**Work task:** Set down again each entry exactly as it reads, pictures excluded.

**Data for the task:**
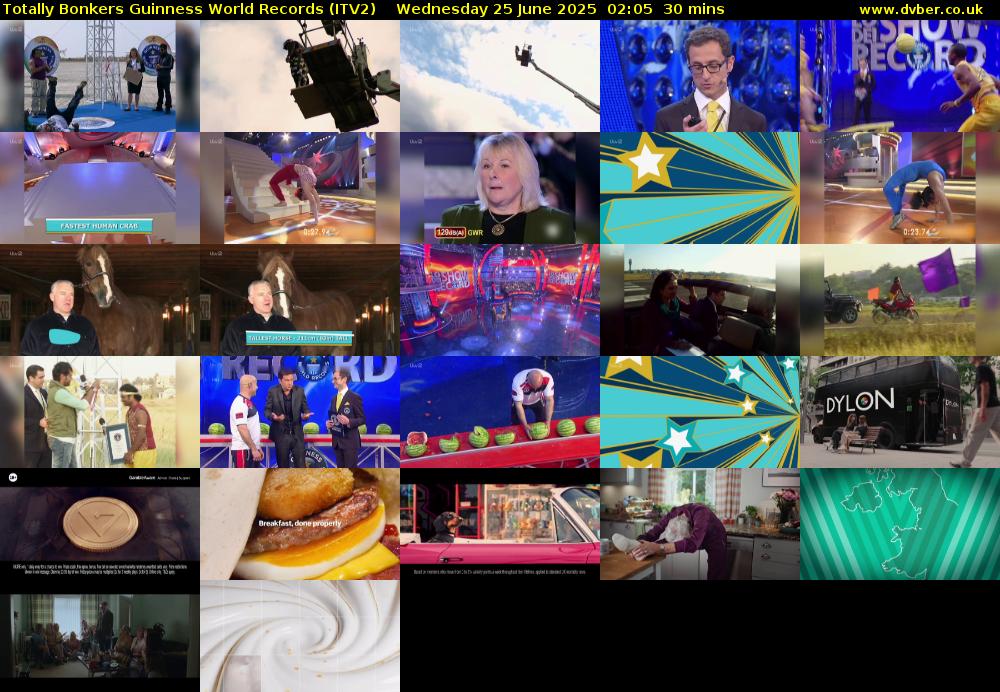 Totally Bonkers Guinness World Records (ITV2) Wednesday 25 June 2025 02:05 - 02:35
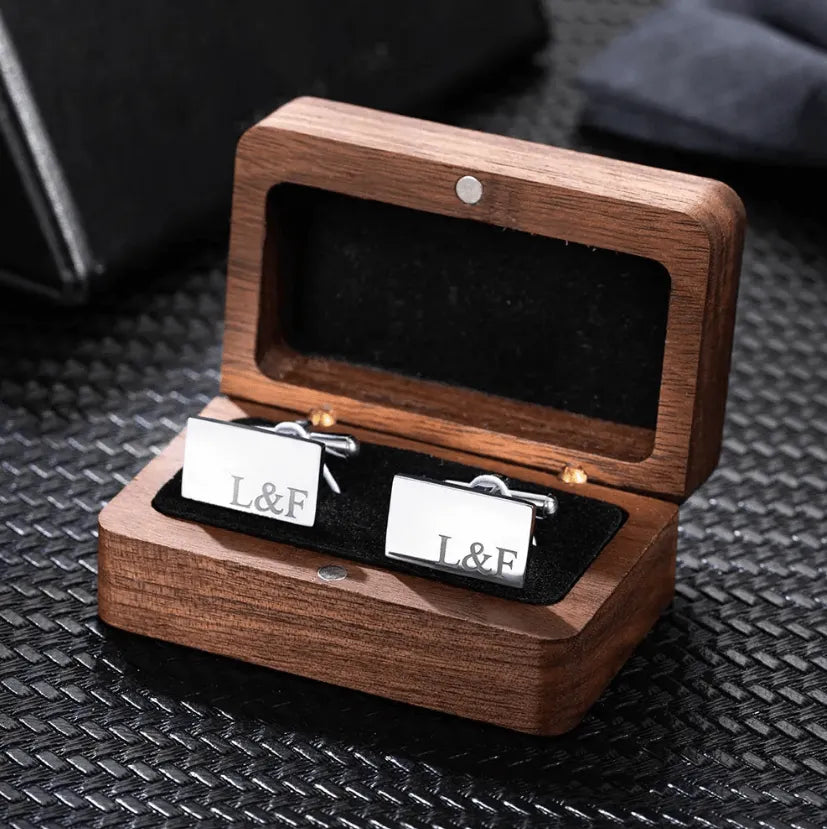 Personalized silver cufflinks presented in wooden gift box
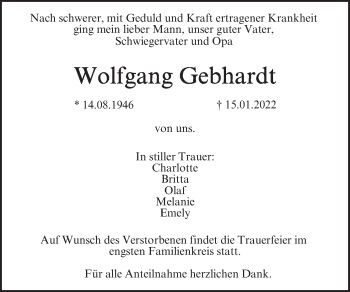 Anzeige von Wolfgang Gebhardt von MGO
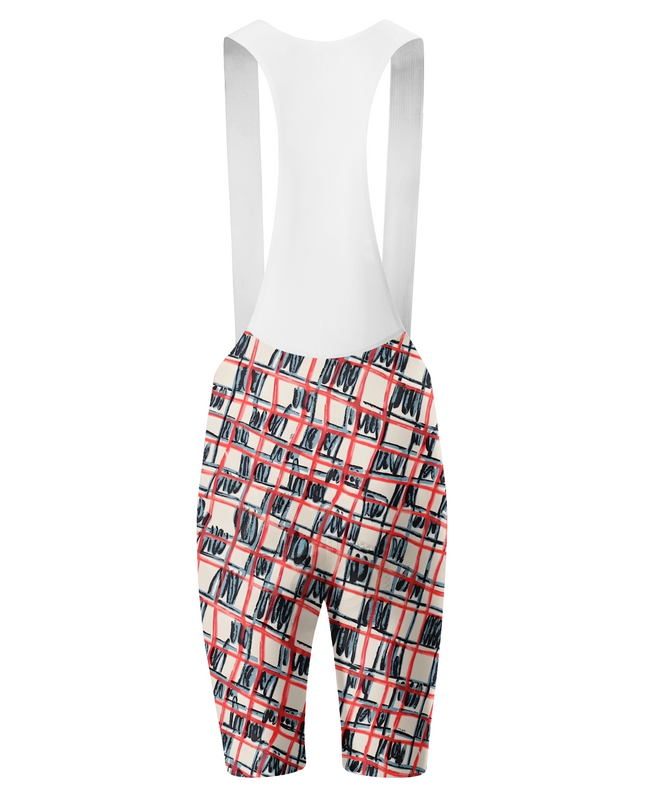 ROCKBROS Women's Avant-Garde Sketch Plaid Abstract Art Bib Shorts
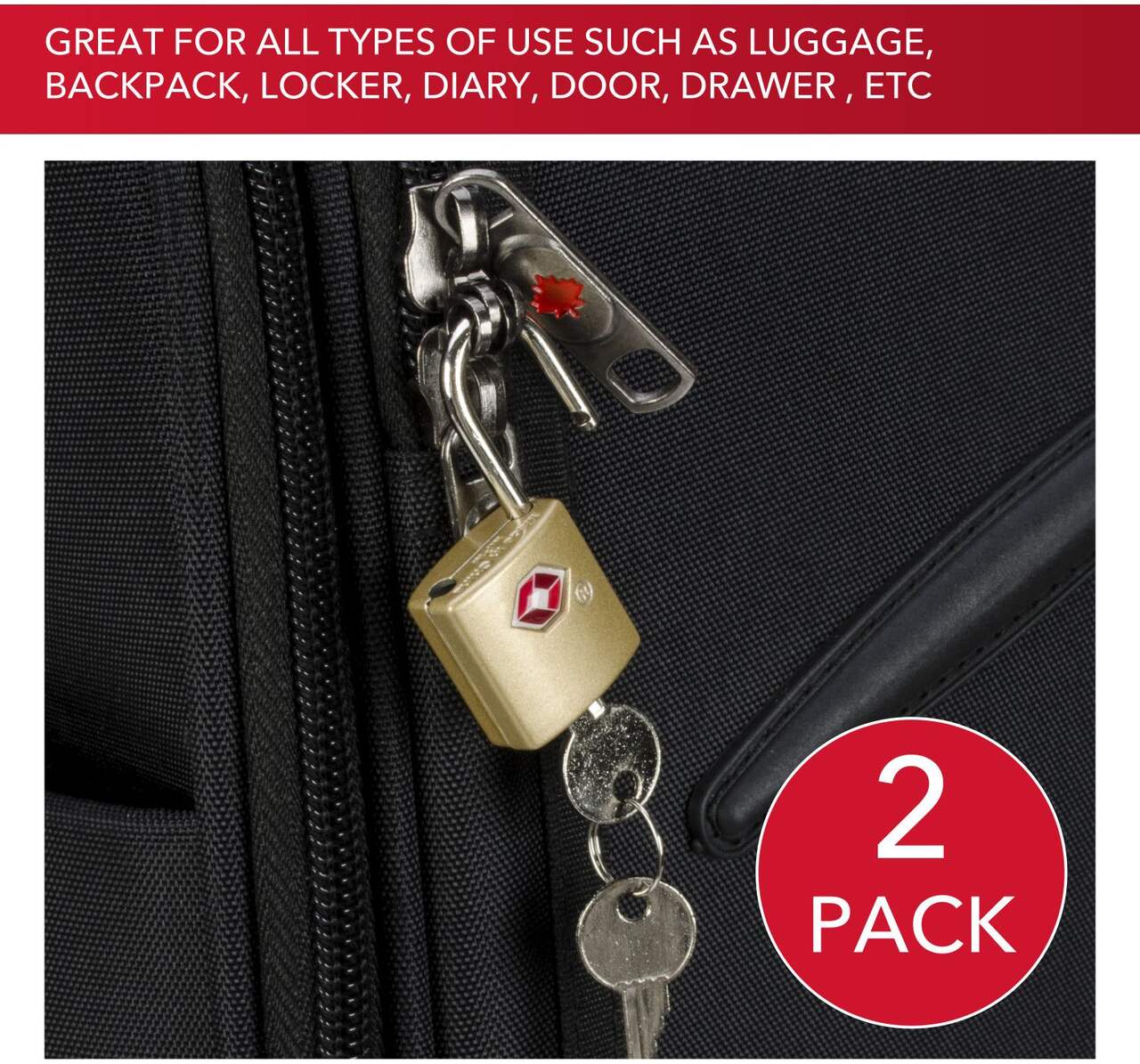 Keyless TSA Approved Luggage Lock with Lifetime Never Cut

**Your solution:**
 Totally Bonkers Guinness World Records (ITV2) Wednesday 25 June 2025 02:05 - 02:35
 Personalized silver cufflinks presented in wooden gift box
 Anzeige von Wolfgang Gebhardt von MGO
 ROCKBROS Women's Avant-Garde Sketch Plaid Abstract Art Bib Shorts
 Keyless TSA Approved Luggage Lock with Lifetime Never Cut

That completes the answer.